Susanne Niebling, Sopran, geboren im bayerischen Schwaben, sang bereits seit ihrer frühen Kindheit in zahlreichen Chören, besuchte das musische Gymnasium und erhielt ab dem 15. Lebensjahr Gesangsunterricht. Zwischen 2001 und 2006 studierte die junge Sängerin an der Musikhochschule Köln bei Prof. Arthur Janzen Gesang. Ihr Studium, das sie mit „sehr gut“ abschloß, ergänzte sie im Anschluß durch ein Konzertexamensstudium, welches sie im Oktober 2008 mit einem Examenskonzert zur Vollendung brachte. Zahlreiche Meisterkurse zum Beispiel bei Prof. Dr. Michael Hampe, Ulrich Rademacher, Ingeborg Danz oder Sissel Hoyem Aune ergänzten ihre szenische, gestalterische und technische Gesangsausbildung. Neben der Übernahme von Rollen bei Hochschul-Produktionen wirkte Susanne Niebling bei der Uraufführung der Spiegelgeschichte von Mark Steinhäuser mit, sang den kleinen Prinzen in der gleichnamigen Oper von Nikolaus Schapfl sowie die Rolle der Baronin Freimann aus Lortzings Der Wildschütz und war zuletzt im Juni 2007 als Tatjana in Tschaikowskys Eugen Onegin im Theater Solingen und Remscheid zu erleben. In Konzerten sang sie u. a. Mahlers 4. Symphonie Das himmlische Leben, Les Illumination de Rimbaud von Benjamin Britten, die Uraufführung der Mass in C von Graham Buckland, Mendelssohns 42. Psalm Wie der Hirsch schreit, das Mozart-Requiem, die Rose aus Schumanns Der Rose Pilgerfahrt und Elisabeth aus Die Legende von der heiligen Elisabeth von Franz Liszt. Bereits im Juni 2006 war Susanne Niebling auf der Kölner Opernbühne zu sehen. Dort sang sie in einer Kooperationsproduktion der Hochschule für Musik Köln und des WDR die Alkmene in Eduard Künnekes Operette Die Ehe im Kreise. Seit der Spielzeit 2007/2008 ist sie Mitglied des internationalen Opern-Studios der Kölner Oper, wo sie neben zahlreichen Rollen in der Kinderoper u. a. die Barena in der Wiederaufnahme von Katharina Thalbachs Inszenierung von Jenůfa, Elvira in L´Italiana in Algeri von Rossini, den jungen Hirten in Wagners Tannhäuser und die Marzelline in Beethovens Fidelio sang. In der Spielzeit 2008/2009 war Susanne Niebling u. a. als Papagena und als Gretel zu erleben.

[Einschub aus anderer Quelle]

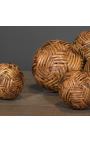 Set av 5 rattan "Takraw" bollar, från Indonesien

Andrés Felipe Orozco Martinez, lyrischer Tenor, wurde in Cali in Kolumbien geboren und studierte Journalismus und Musikpädagogik an der Universität von Valle. Am Konservatorium Antonio María Valencia in Cali erwarb er einen Abschluß im Fach Gesang. An der Hochschule für Musik Köln, Standort Aachen, legte er in der Klasse von Dieter Schweikart mit Auszeichnung sein Diplom in Künstlerischer Gesangsausbildung ab. Im Jahr 2000 erhielt er eine Ehrenauszeichnung des Gesangswettbewerbs »Interpreten für das nächste Millennium« in Bogotá, 2004 wurde er Preisträger des Gesangswettbewerbs der Stadt Wels in Österreich. Zunächst Mitglied des internationalen Opernstudios der Oper Köln, ist er seit der Spielzeit 2008/2009 Ensemblemitglied und war bereits als Leandro in Salieris La cifra, Maintop in Billy Budd, Vicomte Cascada in Die lustige Witwe, Peppe in Pagliacci, Heinrich der Schreiber im Tannhäuser, Nathanael in Hoffmanns Erzählungen, Don Curzio in Le nozze di Figaro sowie in zahlreichen Produktionen der Kinderoper zu sehen. In der Spielzeit 2008/2009 ist er u. a. als Monostatos (Die Zauberflöte), 3. Jude (Salome), Dr. Blind (Die Fledermaus) und als Goro (Madama Butterfly) zu erleben. Im März 2009 wurde ihm der Jaques Offenbach-Preis der Kölner Oper verliehen.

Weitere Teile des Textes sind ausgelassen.